Retype the full set of records. Keep every character identical.

__Data provided__.
>>>

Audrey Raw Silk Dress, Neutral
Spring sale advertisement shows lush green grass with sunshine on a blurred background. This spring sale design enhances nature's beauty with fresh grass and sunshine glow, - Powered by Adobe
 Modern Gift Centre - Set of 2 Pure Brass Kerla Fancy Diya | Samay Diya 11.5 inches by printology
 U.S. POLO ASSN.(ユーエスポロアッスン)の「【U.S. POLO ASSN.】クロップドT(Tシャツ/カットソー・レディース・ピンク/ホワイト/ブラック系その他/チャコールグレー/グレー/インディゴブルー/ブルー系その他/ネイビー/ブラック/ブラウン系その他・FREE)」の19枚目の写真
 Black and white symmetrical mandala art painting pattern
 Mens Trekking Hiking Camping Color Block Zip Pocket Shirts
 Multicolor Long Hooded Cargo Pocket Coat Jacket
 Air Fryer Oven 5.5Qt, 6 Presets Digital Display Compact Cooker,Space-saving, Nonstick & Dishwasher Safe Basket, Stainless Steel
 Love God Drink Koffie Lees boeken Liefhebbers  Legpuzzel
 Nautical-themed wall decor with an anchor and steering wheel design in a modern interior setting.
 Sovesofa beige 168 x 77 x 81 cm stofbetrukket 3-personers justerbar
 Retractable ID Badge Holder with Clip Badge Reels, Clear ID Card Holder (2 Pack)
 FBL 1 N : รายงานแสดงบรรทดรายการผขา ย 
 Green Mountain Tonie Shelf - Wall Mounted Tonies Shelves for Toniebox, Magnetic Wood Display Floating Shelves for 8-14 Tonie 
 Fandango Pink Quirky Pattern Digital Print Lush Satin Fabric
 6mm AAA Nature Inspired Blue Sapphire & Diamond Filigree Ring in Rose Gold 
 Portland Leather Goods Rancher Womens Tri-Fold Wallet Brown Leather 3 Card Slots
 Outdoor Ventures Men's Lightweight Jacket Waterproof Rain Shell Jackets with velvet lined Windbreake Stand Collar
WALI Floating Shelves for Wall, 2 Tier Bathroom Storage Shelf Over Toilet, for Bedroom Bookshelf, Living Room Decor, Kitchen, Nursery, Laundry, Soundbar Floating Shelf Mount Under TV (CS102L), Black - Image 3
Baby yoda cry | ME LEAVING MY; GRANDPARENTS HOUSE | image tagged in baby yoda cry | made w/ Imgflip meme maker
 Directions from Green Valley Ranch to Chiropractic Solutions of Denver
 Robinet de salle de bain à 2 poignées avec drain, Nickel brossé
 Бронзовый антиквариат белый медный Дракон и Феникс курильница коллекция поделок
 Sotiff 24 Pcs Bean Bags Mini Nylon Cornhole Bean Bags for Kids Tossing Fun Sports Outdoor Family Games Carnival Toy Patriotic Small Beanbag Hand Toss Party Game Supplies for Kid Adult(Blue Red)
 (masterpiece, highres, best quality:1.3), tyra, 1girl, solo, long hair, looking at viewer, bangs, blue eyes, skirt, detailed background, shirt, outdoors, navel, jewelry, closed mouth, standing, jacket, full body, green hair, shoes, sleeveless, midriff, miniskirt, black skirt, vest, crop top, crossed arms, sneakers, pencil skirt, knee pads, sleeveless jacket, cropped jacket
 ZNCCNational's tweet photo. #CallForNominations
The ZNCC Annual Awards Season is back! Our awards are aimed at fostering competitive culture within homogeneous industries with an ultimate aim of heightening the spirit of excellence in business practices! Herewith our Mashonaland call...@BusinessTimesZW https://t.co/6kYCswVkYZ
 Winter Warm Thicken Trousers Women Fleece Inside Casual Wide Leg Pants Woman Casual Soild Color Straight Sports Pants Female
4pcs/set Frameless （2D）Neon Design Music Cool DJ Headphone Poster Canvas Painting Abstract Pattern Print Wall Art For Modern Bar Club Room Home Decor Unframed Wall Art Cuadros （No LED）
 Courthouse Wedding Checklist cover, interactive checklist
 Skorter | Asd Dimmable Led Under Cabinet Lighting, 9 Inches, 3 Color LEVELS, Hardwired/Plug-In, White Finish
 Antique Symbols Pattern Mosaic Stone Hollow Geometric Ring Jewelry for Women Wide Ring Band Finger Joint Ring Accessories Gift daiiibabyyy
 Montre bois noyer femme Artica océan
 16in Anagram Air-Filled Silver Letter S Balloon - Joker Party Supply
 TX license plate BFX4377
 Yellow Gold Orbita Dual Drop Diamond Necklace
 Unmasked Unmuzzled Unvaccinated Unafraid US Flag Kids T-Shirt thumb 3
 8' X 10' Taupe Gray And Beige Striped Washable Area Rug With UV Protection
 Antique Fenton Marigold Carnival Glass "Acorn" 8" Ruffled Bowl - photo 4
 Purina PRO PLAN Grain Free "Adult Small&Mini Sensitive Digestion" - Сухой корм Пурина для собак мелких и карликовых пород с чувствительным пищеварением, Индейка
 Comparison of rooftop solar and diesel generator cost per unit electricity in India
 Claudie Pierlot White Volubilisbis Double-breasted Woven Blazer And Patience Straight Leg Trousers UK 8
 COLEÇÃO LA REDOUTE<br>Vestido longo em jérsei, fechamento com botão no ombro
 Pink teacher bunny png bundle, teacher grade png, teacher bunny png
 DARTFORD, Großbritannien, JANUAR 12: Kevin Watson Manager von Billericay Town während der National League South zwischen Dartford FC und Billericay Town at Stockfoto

<<<

__Result below__.
Audrey Raw Silk Dress, Neutral
Spring sale advertisement shows lush green grass with sunshine on a blurred background. This spring sale design enhances nature's beauty with fresh grass and sunshine glow, - Powered by Adobe
 Modern Gift Centre - Set of 2 Pure Brass Kerla Fancy Diya | Samay Diya 11.5 inches by printology
 U.S. POLO ASSN.(ユーエスポロアッスン)の「【U.S. POLO ASSN.】クロップドT(Tシャツ/カットソー・レディース・ピンク/ホワイト/ブラック系その他/チャコールグレー/グレー/インディゴブルー/ブルー系その他/ネイビー/ブラック/ブラウン系その他・FREE)」の19枚目の写真
 Black and white symmetrical mandala art painting pattern
 Mens Trekking Hiking Camping Color Block Zip Pocket Shirts
 Multicolor Long Hooded Cargo Pocket Coat Jacket
 Air Fryer Oven 5.5Qt, 6 Presets Digital Display Compact Cooker,Space-saving, Nonstick & Dishwasher Safe Basket, Stainless Steel
 Love God Drink Koffie Lees boeken Liefhebbers  Legpuzzel
 Nautical-themed wall decor with an anchor and steering wheel design in a modern interior setting.
 Sovesofa beige 168 x 77 x 81 cm stofbetrukket 3-personers justerbar
 Retractable ID Badge Holder with Clip Badge Reels, Clear ID Card Holder (2 Pack)
 FBL 1 N : รายงานแสดงบรรทดรายการผขา ย 
 Green Mountain Tonie Shelf - Wall Mounted Tonies Shelves for Toniebox, Magnetic Wood Display Floating Shelves for 8-14 Tonie 
 Fandango Pink Quirky Pattern Digital Print Lush Satin Fabric
 6mm AAA Nature Inspired Blue Sapphire & Diamond Filigree Ring in Rose Gold 
 Portland Leather Goods Rancher Womens Tri-Fold Wallet Brown Leather 3 Card Slots
 Outdoor Ventures Men's Lightweight Jacket Waterproof Rain Shell Jackets with velvet lined Windbreake Stand Collar
WALI Floating Shelves for Wall, 2 Tier Bathroom Storage Shelf Over Toilet, for Bedroom Bookshelf, Living Room Decor, Kitchen, Nursery, Laundry, Soundbar Floating Shelf Mount Under TV (CS102L), Black - Image 3
Baby yoda cry | ME LEAVING MY; GRANDPARENTS HOUSE | image tagged in baby yoda cry | made w/ Imgflip meme maker
 Directions from Green Valley Ranch to Chiropractic Solutions of Denver
 Robinet de salle de bain à 2 poignées avec drain, Nickel brossé
 Бронзовый антиквариат белый медный Дракон и Феникс курильница коллекция поделок
 Sotiff 24 Pcs Bean Bags Mini Nylon Cornhole Bean Bags for Kids Tossing Fun Sports Outdoor Family Games Carnival Toy Patriotic Small Beanbag Hand Toss Party Game Supplies for Kid Adult(Blue Red)
 (masterpiece, highres, best quality:1.3), tyra, 1girl, solo, long hair, looking at viewer, bangs, blue eyes, skirt, detailed background, shirt, outdoors, navel, jewelry, closed mouth, standing, jacket, full body, green hair, shoes, sleeveless, midriff, miniskirt, black skirt, vest, crop top, crossed arms, sneakers, pencil skirt, knee pads, sleeveless jacket, cropped jacket
 ZNCCNational's tweet photo. #CallForNominations
The ZNCC Annual Awards Season is back! Our awards are aimed at fostering competitive culture within homogeneous industries with an ultimate aim of heightening the spirit of excellence in business practices! Herewith our Mashonaland call...@BusinessTimesZW https://t.co/6kYCswVkYZ
 Winter Warm Thicken Trousers Women Fleece Inside Casual Wide Leg Pants Woman Casual Soild Color Straight Sports Pants Female
4pcs/set Frameless （2D）Neon Design Music Cool DJ Headphone Poster Canvas Painting Abstract Pattern Print Wall Art For Modern Bar Club Room Home Decor Unframed Wall Art Cuadros （No LED）
 Courthouse Wedding Checklist cover, interactive checklist
 Skorter | Asd Dimmable Led Under Cabinet Lighting, 9 Inches, 3 Color LEVELS, Hardwired/Plug-In, White Finish
 Antique Symbols Pattern Mosaic Stone Hollow Geometric Ring Jewelry for Women Wide Ring Band Finger Joint Ring Accessories Gift daiiibabyyy
 Montre bois noyer femme Artica océan
 16in Anagram Air-Filled Silver Letter S Balloon - Joker Party Supply
 TX license plate BFX4377
 Yellow Gold Orbita Dual Drop Diamond Necklace
 Unmasked Unmuzzled Unvaccinated Unafraid US Flag Kids T-Shirt thumb 3
 8' X 10' Taupe Gray And Beige Striped Washable Area Rug With UV Protection
 Antique Fenton Marigold Carnival Glass "Acorn" 8" Ruffled Bowl - photo 4
 Purina PRO PLAN Grain Free "Adult Small&Mini Sensitive Digestion" - Сухой корм Пурина для собак мелких и карликовых пород с чувствительным пищеварением, Индейка
 Comparison of rooftop solar and diesel generator cost per unit electricity in India
 Claudie Pierlot White Volubilisbis Double-breasted Woven Blazer And Patience Straight Leg Trousers UK 8
 COLEÇÃO LA REDOUTE<br>Vestido longo em jérsei, fechamento com botão no ombro
 Pink teacher bunny png bundle, teacher grade png, teacher bunny png
 DARTFORD, Großbritannien, JANUAR 12: Kevin Watson Manager von Billericay Town während der National League South zwischen Dartford FC und Billericay Town at Stockfoto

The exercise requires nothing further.